Problem to work on: Among the entries that follow, locate the line with "Denim Shirt Dress" and the line with "Leopard, Plaid, Polka". Output those lines and all lines in between, exactly, minus the pictures.

Supplied information:
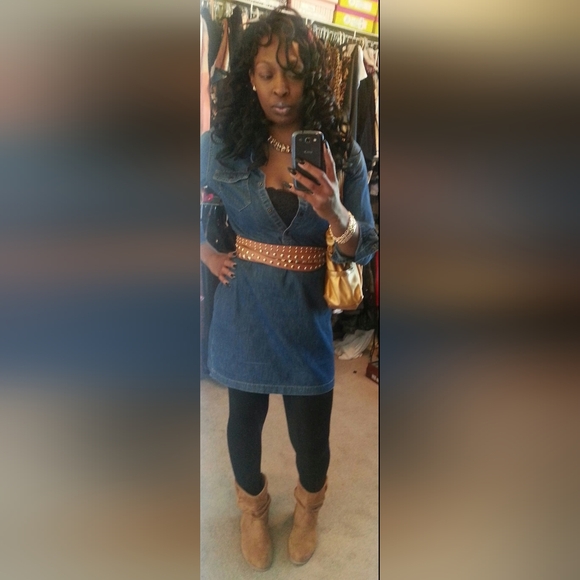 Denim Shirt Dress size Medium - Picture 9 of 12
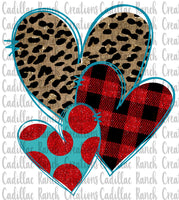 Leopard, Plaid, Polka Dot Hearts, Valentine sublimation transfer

---

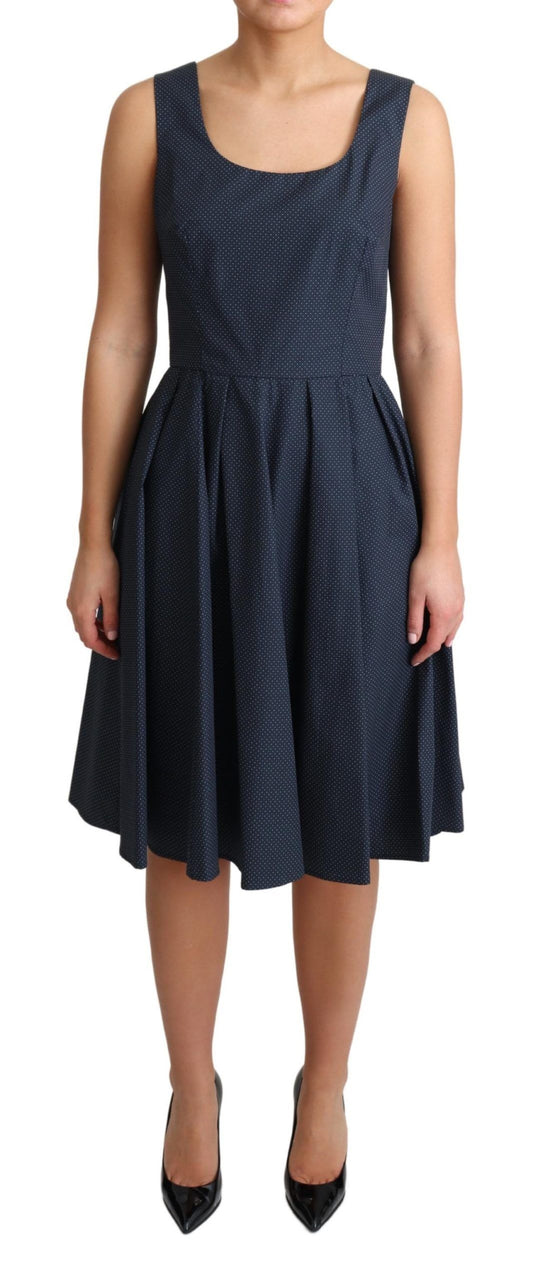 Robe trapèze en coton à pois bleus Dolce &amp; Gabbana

==

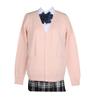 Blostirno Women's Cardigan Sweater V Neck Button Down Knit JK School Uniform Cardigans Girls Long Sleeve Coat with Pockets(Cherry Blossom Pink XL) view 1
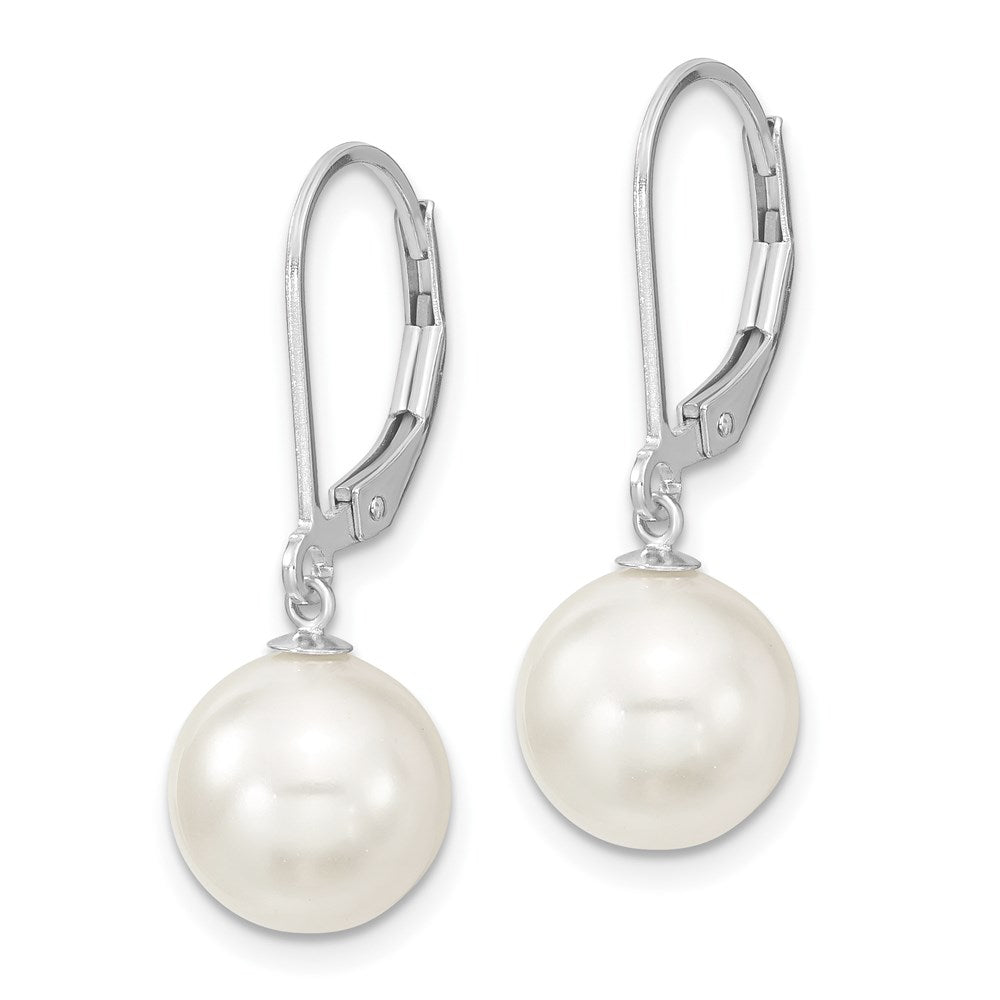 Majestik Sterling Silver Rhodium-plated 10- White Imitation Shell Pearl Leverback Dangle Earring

Response to the task:
 Denim Shirt Dress size Medium - Picture 9 of 12
 Leopard, Plaid, Polka Dot Hearts, Valentine sublimation transfer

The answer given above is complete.